A Samad-3 UAV with its additional fuel tank mounted over its wing box is seen in a 7 July 2019 Houthi display. (Ansar Allah)
Israeli Air Force (IAF) personnel failed to correctly classify the unmanned aerial vehicle (UAV) that killed a civilian in Tel Aviv on 19 June, an IAF official told journalists in a 22 July briefing on the investigation into the incident.
Launched from Yemen by the Iranian-backed group Ansar Allah (commonly known as the Houthis), the UAV approached Tel Aviv from the Mediterranean and hit an apartment building close to the US consulate.
While Ansar Allah claimed the UAV was a new, radar-evading type called the Yafa (the Arabic name for the Jaffa part of Tel Aviv), the Israeli military identified it as an extended-range version of an Iranian type that the group calls the Samad-3.

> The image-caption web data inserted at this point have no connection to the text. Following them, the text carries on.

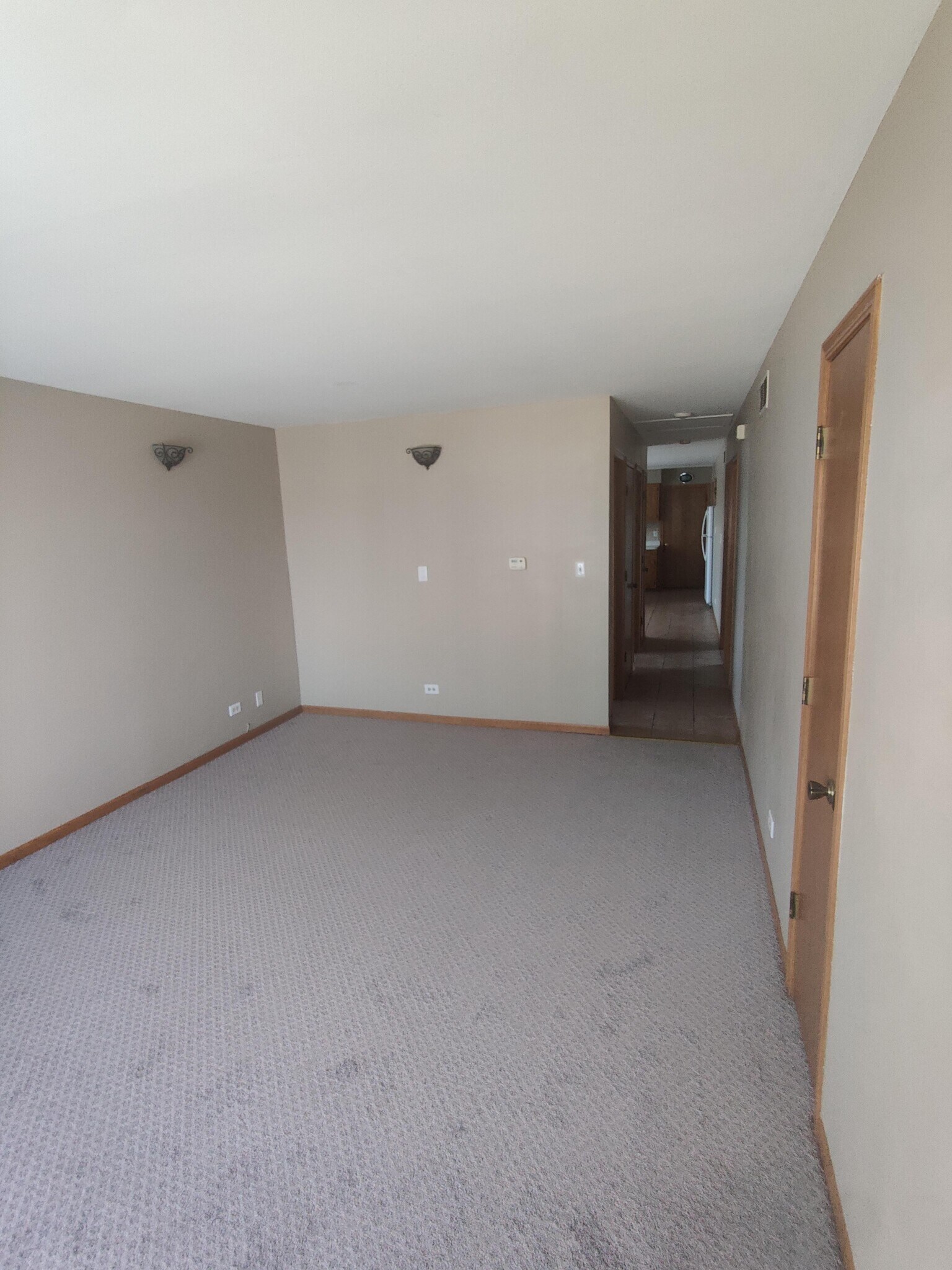 Building Photo - 7754 Oak Grove Ave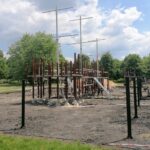 09.06.2021. Busko-Zdrój. Budowa placu zabaw w formie okrętu / Marta Gajda / Radio Kielce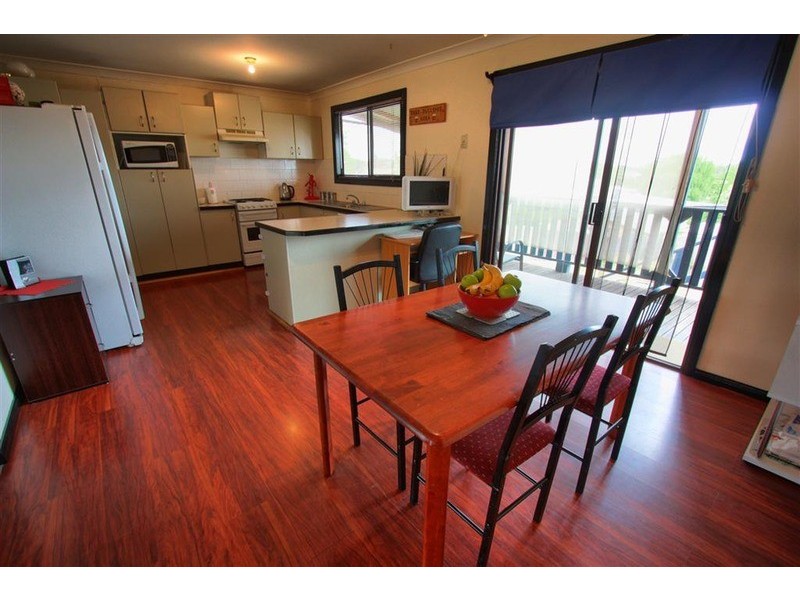 55 Commins Street, Junee NSW 2663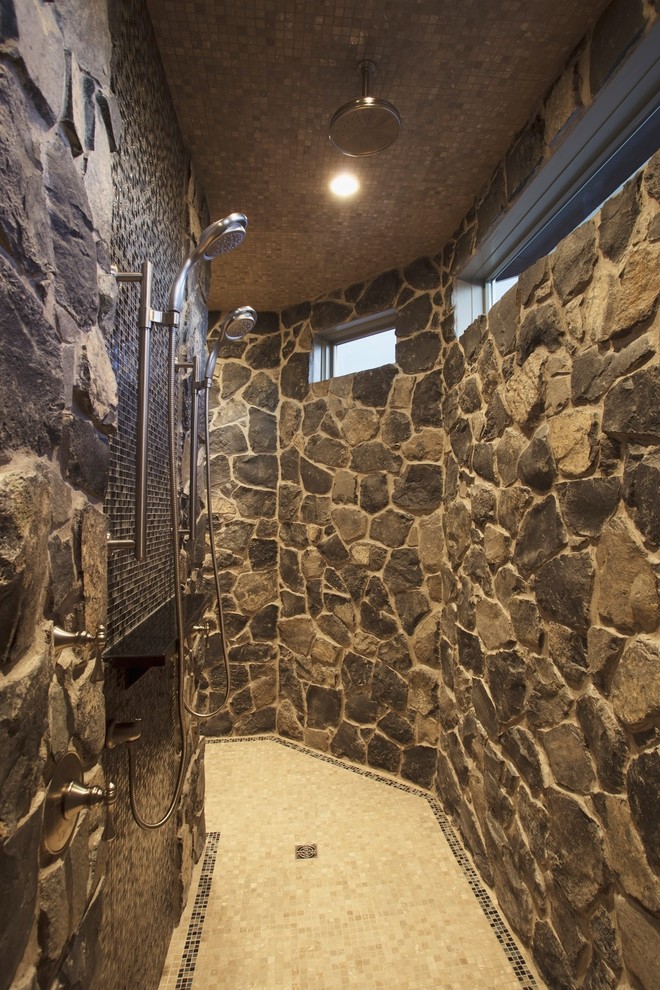 Diseño de cuarto de baño tradicional con ducha doble, baldosas y/o azulejos beige y piedra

The IAF official said the UAV had “a longer range than we expected, was identified by our system, and was misclassified or classified as a non-threat target by a human error”. He explained that the IAF does not rely on an automatic target-classification system, with its operators instead interpreting radar data to discount things such as non-hostile aircraft, birds, or clouds.

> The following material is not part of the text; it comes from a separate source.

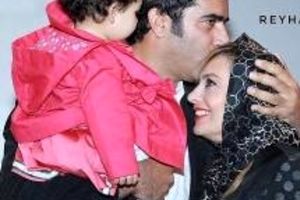 بوسیدن یکتا ناصر توسط منوچهر هادی، در جشن سالگرد ازدواجشان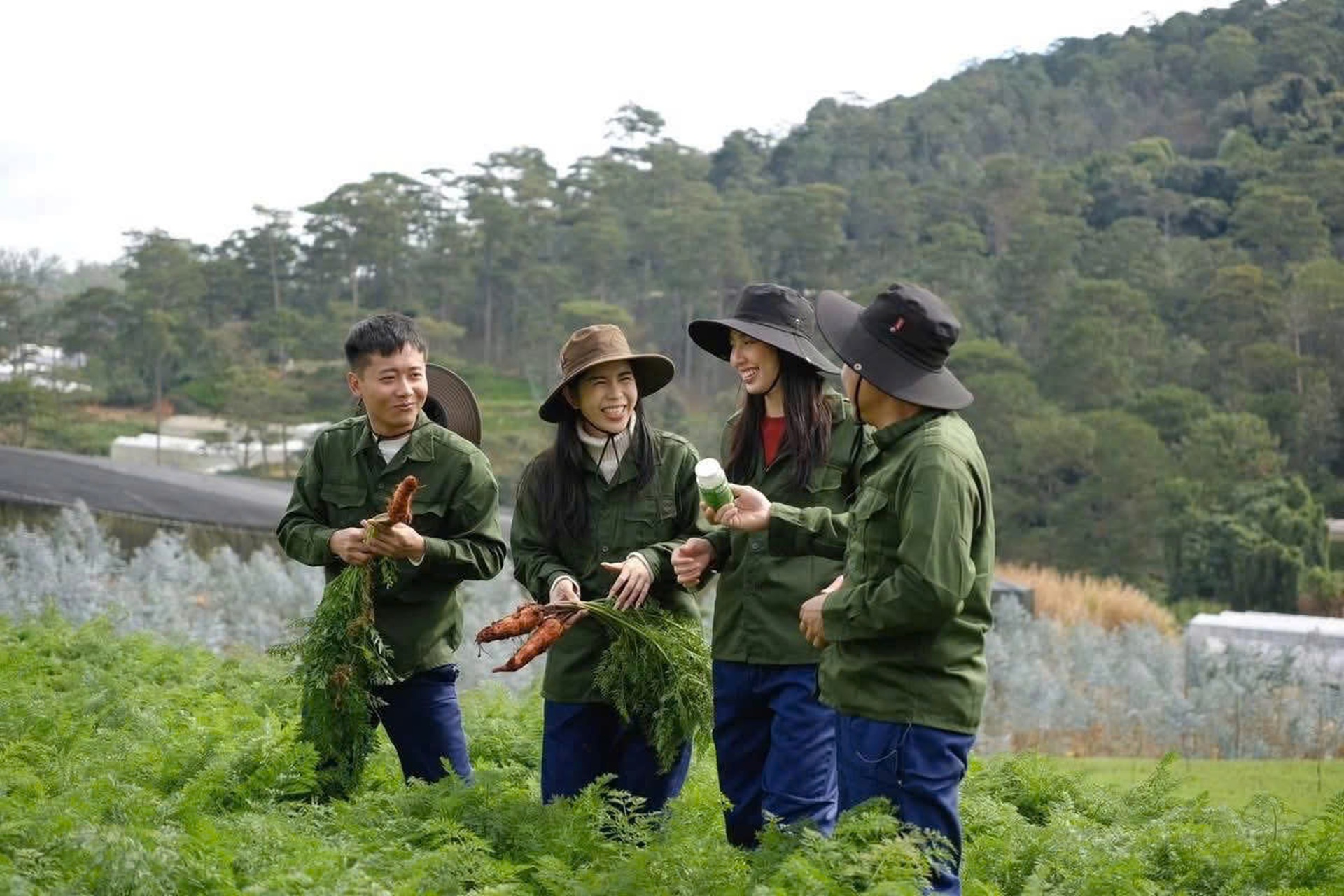 Cuộc sống của Hoa hậu Thùy Tiên trước khi vướng ồn ào lớn nhất sự nghiệp - 2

In this case, the UAV was detected a few minutes before it reached Tel Aviv as it approached from the west as another threat that was successfully intercepted approached from the east at about the same time, the official said.
Although the UAV's westerly approach may have contributed to it being incorrectly classified, as this is the direction used by most civilian aircraft heading towards Israel, he noted that it was flying at a low altitude, unlike airliners, and that the IAF had anticipated that attacks could come from this direction.